Huh?  I thought it's runtime suspended to D3hot even though it should stay
runtime resumed in D0 because it's not wakeup capable in D3hot?


> * The XHCI PCIe device supports wakeup from D3cold so it goes to D3cold.
> * Both consumers are in their deepest state and the USB4 router supports
>   wakeup from D3cold, so it goes into this state.
> 
> The expectation is the USB4 router should have also remained in D0 since
> the PCIe root port for tunneling remained in D0 and a device link exists
> between the two devices.

This paragraph sounds like the problem is the router runtime suspended.
IIUC the router could only runtime suspend because its consumer, the
Root Port, runtime suspended.  By preventing the Root Port from runtime
suspending, you're implicitly preventing it's supplier (the router)
from suspending.


> Link: https://learn.microsoft.com/en-us/windows-hardware/drivers/pci/dsd-for-pcie-root-ports#identifying-pcie-root-ports-supporting-hot-plug-in-d3 [1]
> Link: https://github.com/torvalds/linux/blob/v6.1-rc1/drivers/pci/pcie/portdrv_pci.c#L126 [2]
> Link: https://github.com/torvalds/linux/blob/v6.1-rc1/drivers/thunderbolt/acpi.c#L29 [3]

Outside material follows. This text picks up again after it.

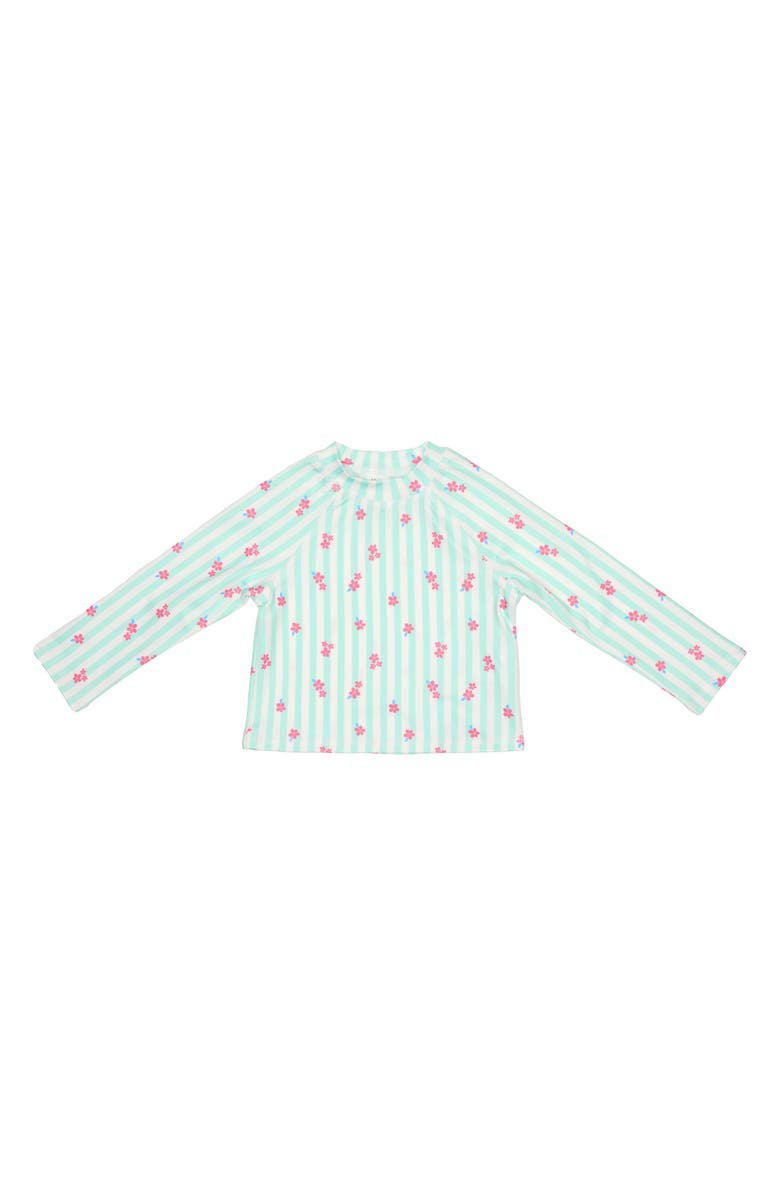 PL Baby by Petit Lem Two-Piece Rashguard Swimsuit & Bucket Hat Set, Alternate, color, Turquoise Stripe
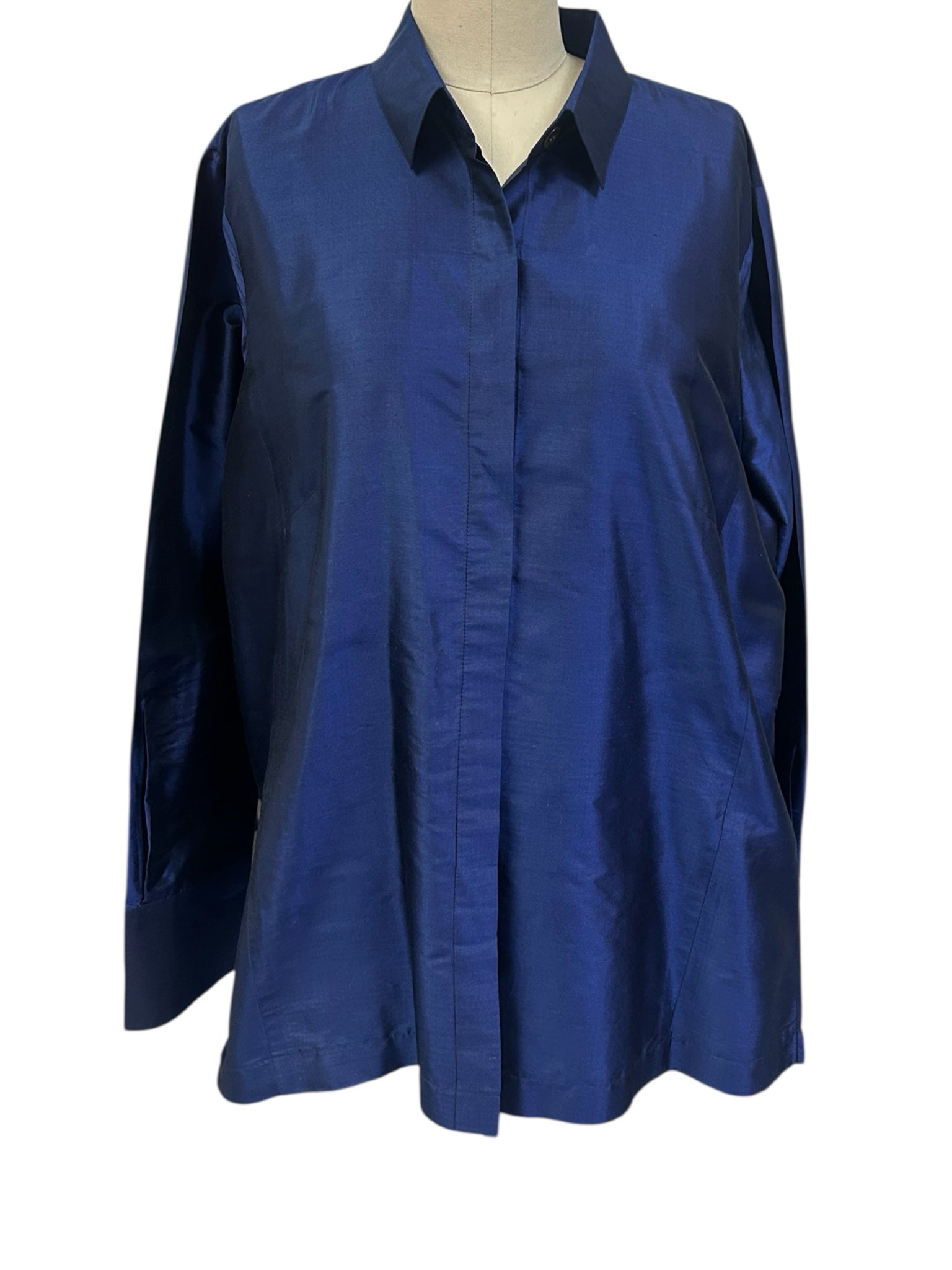 CHARLOTTE KELLOG SILK BARBARA TUNIC BUTTON FRONT SHIRT BLUE SIZE 3XL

I think git.kernel.org links are preferred to 3rd party hosting services.

Thanks,

Lukas
  
Mario Limonciello Oct. 27, 2022, 7:56 p.m. UTC | #2
On 10/27/2022 00:24, Lukas Wunner wrote:
> On Wed, Oct 26, 2022 at 04:52:37PM -0500, Mario Limonciello wrote:
>> Firmware typically advertises that ACPI devices that represent PCIe
>> devices can support D3 by a combination of the value returned by
>> _S0W as well as the HotPlugSupportInD3 _DSD [1].
>>
>> `acpi_pci_bridge_d3` looks for this combination but also contains
>> an assumption that if an ACPI device contains power resources the PCIe
>> device it's associated with can support D3.  This was introduced
>> from commit c6e331312ebf ("PCI/ACPI: Whitelist hotplug ports for
>> D3 if power managed by ACPI").
>>
>> Some firmware configurations for "AMD Pink Sardine" do not support
>> wake from D3 in _S0W for the ACPI device representing the PCIe root
>> port used for tunneling. The PCIe device will still be opted into
>> runtime PM in the kernel [2] because of the logic within
>> `acpi_pci_bridge_d3`. This currently happens because the ACPI
>> device contains power resources.
> 
> So put briefly, in acpi_pci_bridge_d3() we fail to take wake capabilities
> into account and blindly assume that a bridge can be runtime suspended
> to D3 if it is power-manageable by ACPI.
> 
> By moving the acpi_pci_power_manageable() below the wake capabilities
> checks, we avoid runtime suspending a bridge that is not wakeup capable.
> 

Yes, spot on.

> The more verbose explanation in the commit message is useful to
> understand how the issue was exposed, but it somewhat obscures
> the issue itself.

Within this lengthy commit message I attempted to follow the model of:

"Status quo"
"Background"
"Problem Statement"
"Impact"
"Solution"

> 
> 
>> When the thunderbolt driver is loaded two device links are created:
>> * USB4 router <-> PCIe root port for tunneling
>> * USB4 router <-> XHCI PCIe device
> 
> Those double arrows are a little misleading, a device link is
> unidirectional, so it's really <-- and not <->.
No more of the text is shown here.